___ Data extract ___

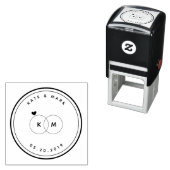 Het moderne Monogram van de Ringen van de Weddensc Zelfinktende Stempel (In situ)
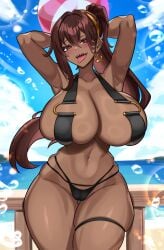 1girls absurd_res beach_ball big_breasts bikini blush breasts brown_hair brown_skin cleavage dark-skinned_female dark_skin earrings female female_only hands_behind_head hip_squish large_breasts legband long_hair looking_at_viewer naughty_face nez-box open_mouth original original_character ponytail red_eyes seaside smiling smiling_at_viewer solo thick_thighs thigh_squish tongue_out tsona_(nyantcha) wide_hips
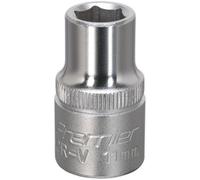 Loops 11mm Steel Drive Socket - 1/2" Square Drive - Chrome Vanadium Wrench Socket in Metallics Loops Metallics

___

Work item
Your answer must be the full listing, copied exactly, with no pictures in it.

Reply
 Het moderne Monogram van de Ringen van de Weddensc Zelfinktende Stempel (In situ)
 1girls absurd_res beach_ball big_breasts bikini blush breasts brown_hair brown_skin cleavage dark-skinned_female dark_skin earrings female female_only hands_behind_head hip_squish large_breasts legband long_hair looking_at_viewer naughty_face nez-box open_mouth original original_character ponytail red_eyes seaside smiling smiling_at_viewer solo thick_thighs thigh_squish tongue_out tsona_(nyantcha) wide_hips
 Loops 11mm Steel Drive Socket - 1/2" Square Drive - Chrome Vanadium Wrench Socket in Metallics Loops Metallics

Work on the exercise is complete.